[Date Prev][Date Next][Thread Prev][Thread Next][Date Index][Thread Index]

Re: [HTCondor-users] thoughts on HTCondor python bindings submit improvements



Internally to the schedd jobs are stored as  1 very large classad called the cluster ad.  It is shared by all jobs in the cluster with a "jobid" of (ClusterId, -1).   Each job is  1  tiny classad with a pointer to the cluster ad, usually containing only 1 or two attributes (i.e. JobStatus)
The keys for these job ads are (ClusterId,ProcId) where ProcId's start at 0 and count up.   you can see this if you look at the job_queue.log.

What condor_submit sends to the SCHEDD on submission is *explicitly* this.   So instead of sending 70 or 80 attributes per job to the schedd, it sends 70 or 80 attributes once + 2 attributes per job.   This is a HUGE difference from the perspective of the schedd.  

Inside the bindings,  

    with transaction() as txn : for d in list_of_dicts : sub.queue(d)

Would mean that the c++ code of the sub.queue() method gets called many times, but has no way of knowing which is the last call.    The first call can be identified, and in HTCondor 8.7.8 we use this information to send the clusterad ONLY on the first call, and to send the tiny job ads for each subsequent call to sub.queue().  

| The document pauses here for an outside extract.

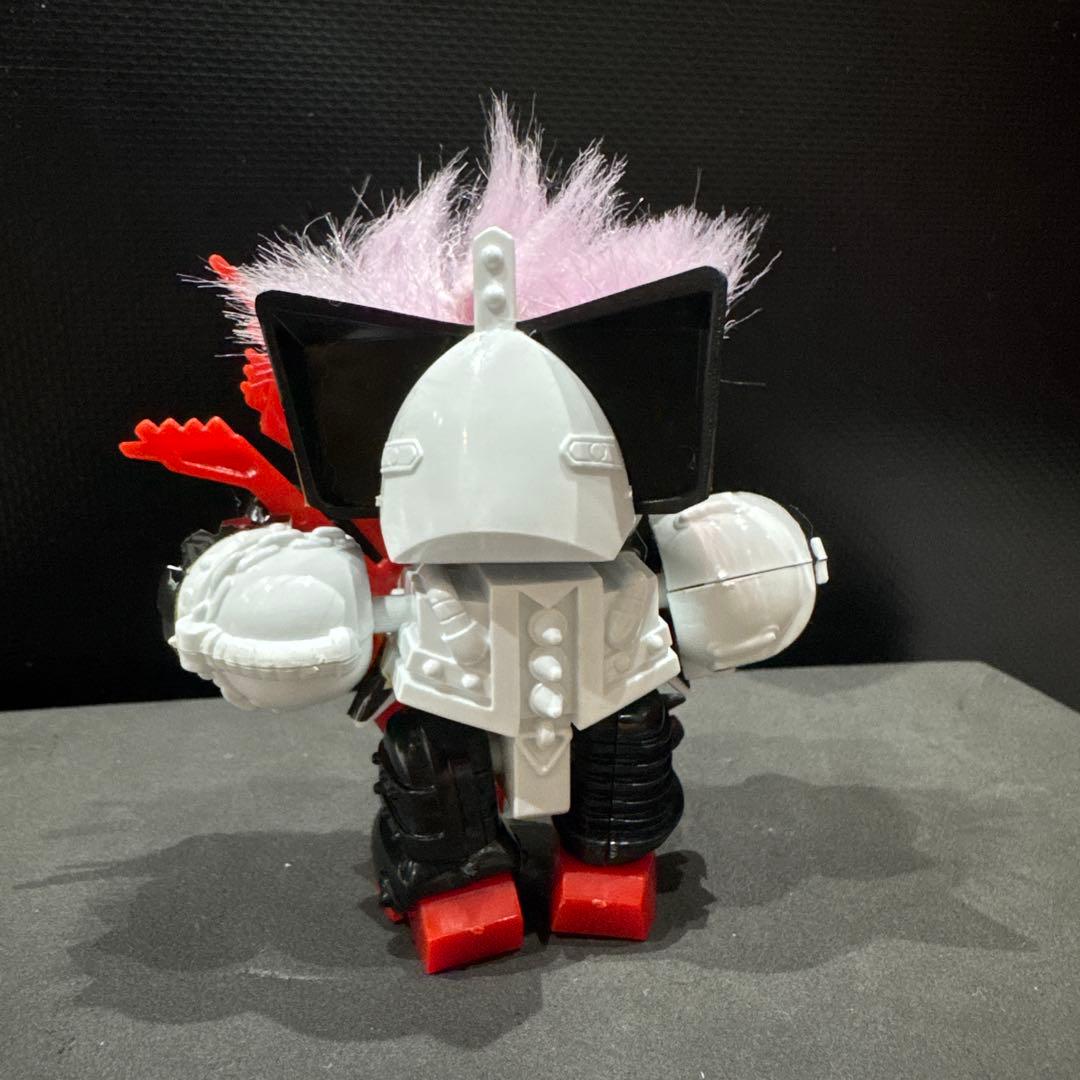 元祖SDガンダム No.104 スパークガンダム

With a new feature called "late materialization" condor_submit sends the cluster_ad + submit_file  to the schedd, no job ads are sent at all. Then the schedd uses the submit_file to create job classads as needed.  (in this case the submit file always ends in a "QUEUE <n> from <itemsfile>" statement). 

So to do late materialization submits from python bindings using the loop above,  the sub.queue statement would just append a line to the <itemsfile> of the QUEUE FROM statement - and then the *last* sub.queue() call would transmit the submit file and <itemsfile> to the schedd. 
But of course, there is no way to identify the last call when using the loop above.  Python knows, but it never tells our c++ code.

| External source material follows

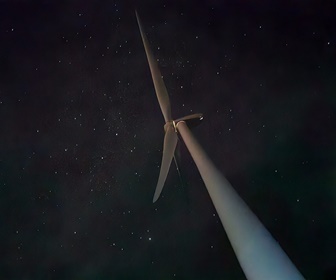 #48 Senvion MM92 turbine installed at Sisters Windfam near Widdrington Village, Northumberland, UK (courtesy Jamie Fosta)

On the other hand, if the sub.queue() method is only called once, and passed an iterator to a list_of_dicts, the the c++ code *does* see the iterator stop, and at that point it can send the final <itemsfile> to the schedd. 

-tj

-----Original Message-----
From: HTCondor-users [mailto:htcondor-users-bounces@xxxxxxxxxxx] On Behalf Of Dimitri Maziuk
Sent: Friday, April 27, 2018 12:20 PM
To: htcondor-users@xxxxxxxxxxx
Subject: Re: [HTCondor-users] thoughts on HTCondor python bindings submit improvements

On 04/27/2018 10:13 AM, John M Knoeller wrote:
...
> We could stop there, but I also thought it would be nice to submit using a native python iterator also, and it seemed to me that it is clearer to have the user always pass the iterator of the htcondor.Submit class to the queue statement explicitly rather than implicitly.

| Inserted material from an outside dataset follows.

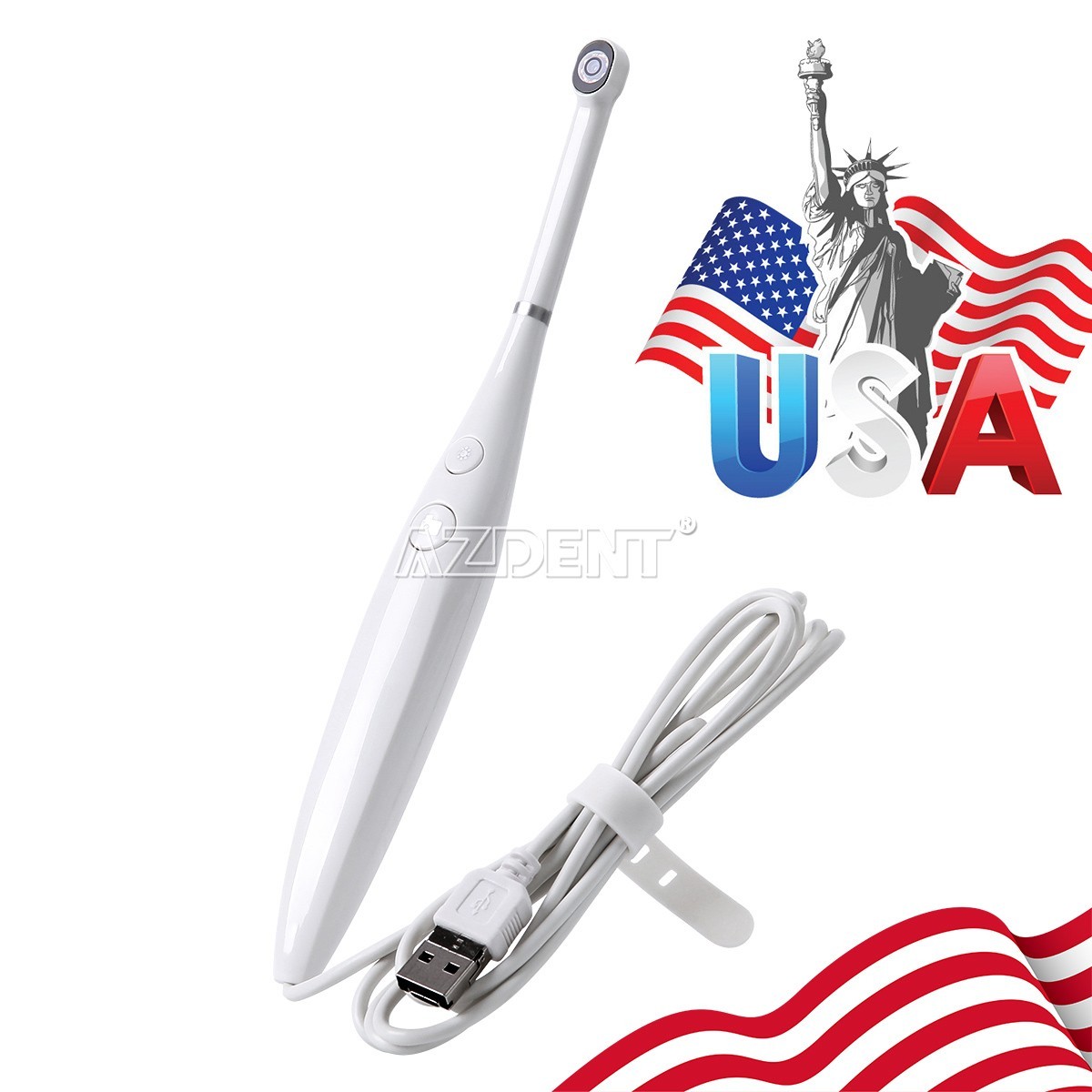 Dental Intraoral Camera USB Digital Imaging Intra Oral HD Camera 3 Models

I think if your submit file parser returns a list of dicts, each
describing one job complete with executable and universe and all, then
the user could sub.queue(txn, dict) in a loop. Or sub.queue(txn,
**dict), whichever way you like it.

I'm not sure I get the bindings code argument, but then I haven't seen
it:  I assume there is a reason you can't do your "last job" magic in
the StopIteration catch block?

-- 
Dimitri Maziuk
Programmer/sysadmin
BioMagResBank, UW-Madison -- http://www.bmrb.wisc.edu